Wie groß sind denn *C:\pagefile.sys* und *C:\hiberfil.sys*? (versteckte Dateien)

 

Und was für "Leichen" zeigt er dir denn an, wenn du im Explorer auf Laufwerk C -> Eigenschaften -> Bereinigen klickst?

 

Denke der meiste Müll liegt in den temporären Ordnern.


----------



## Belty (23. Mai 2015)

Ich finde weder pagefile.sys noch hiberfil.sys, obwohl ich versteckte Dateien und Ordner eingeblendet habe.

 

Jedoch soweit mir bekannt ist pagefile.sys doch die Auslagerungsdatei, der ist aktuell 8111 MB zugewiesen.

hiberfil.sys scheint wohl eine Datei zu sein die für den Ruhezustand wichtig ist, da der PC jedoch heute früh erst gebootet wurde und bis jetzt noch nicht im Ruhezustand war geh ich davon aus das dort nicht viel belegt ist, und selbst wenn wohl kaum an die 60 GB.

 

Durch die Datenträgerbereinigung könnte ich zumindest schonmal rund 3 GB freimachen, 2,2 davon sind temp Dateien.


----------



## spectrumizer (23. Mai 2015)

Belty schrieb:


> Ich finde weder pagefile.sys noch hiberfil.sys, obwohl ich versteckte Dateien und Ordner eingeblendet habe.

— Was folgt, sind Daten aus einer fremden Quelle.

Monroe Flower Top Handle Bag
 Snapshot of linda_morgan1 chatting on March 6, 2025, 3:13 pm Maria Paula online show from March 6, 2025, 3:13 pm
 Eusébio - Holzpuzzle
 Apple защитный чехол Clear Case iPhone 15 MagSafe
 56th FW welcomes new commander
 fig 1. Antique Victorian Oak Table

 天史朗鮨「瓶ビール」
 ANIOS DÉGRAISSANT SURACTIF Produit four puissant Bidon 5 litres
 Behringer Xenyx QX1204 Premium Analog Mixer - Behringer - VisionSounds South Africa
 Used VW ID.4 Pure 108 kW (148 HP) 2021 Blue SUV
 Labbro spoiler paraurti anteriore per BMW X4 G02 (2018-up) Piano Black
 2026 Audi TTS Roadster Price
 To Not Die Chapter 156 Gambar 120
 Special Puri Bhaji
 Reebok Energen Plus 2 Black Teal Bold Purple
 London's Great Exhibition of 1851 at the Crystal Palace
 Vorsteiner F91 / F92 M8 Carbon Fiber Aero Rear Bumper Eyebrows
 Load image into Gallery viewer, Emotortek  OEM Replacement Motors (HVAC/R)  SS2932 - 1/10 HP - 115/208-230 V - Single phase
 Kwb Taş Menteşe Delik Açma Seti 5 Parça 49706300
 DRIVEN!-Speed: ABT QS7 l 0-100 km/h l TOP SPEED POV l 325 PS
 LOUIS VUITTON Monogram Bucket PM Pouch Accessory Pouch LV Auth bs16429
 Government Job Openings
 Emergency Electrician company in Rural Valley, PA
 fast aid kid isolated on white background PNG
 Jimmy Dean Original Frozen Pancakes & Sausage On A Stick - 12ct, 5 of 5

In dem gleichen Fenster, wo du versteckte Dateien und Ordner einblenden kannst, ist noch eine zusätzliche Option "[x] Geschützte Systemdateien ausblenden (empfohlen)". Dort das Häkchen rausmachen.

Mein PC war noch nie im Ruhezustand und trotzdem legt er immer eine _hiberfil.sys_ an. Bei mir ist die zB 13GB groß.

Der Windows Explorer ist für solche Sachen auch eher suboptimal. Ich verwende zB ausschließlich den "Total Commander" für Datei- und Verzeichnisoperationen. Die kostenlose Shareware kannst du dir unter http://ghisler.com/runterladen. Da kannst du zB im Laufwerk C durch drücken der Leertaste (und bissl warten) die Größe von Verzeichnissen anzeigen lassen. Der Windows Explorer überspringt ganz gern mal Ordner und Dateien. Total Commander macht das zB nicht und zeigt dir die Größe der Verzeichnisse "unverfälscht" an. Probiers mal.


----------



## Lilith Twilight (26. Mai 2015)

spectrumizer schrieb:


> Mein PC war noch nie im Ruhezustand und trotzdem legt er immer eine _hiberfil.sys_ an. Bei mir ist die zB 13GB groß.


 

Mit:

 

powercfg -h off

 

in der Kommandozeile kannst du den Hibernate Modus dauerhaft abschalten und wirst auch das 13GB File los, wenn du ihn eh nicht verwendest ist das ja sonst sinnlos das der Platz verschwendet wird :-)


----------



## spectrumizer (26. Mai 2015)

Lilith Twilight schrieb:


> ...


Cool, danke


----------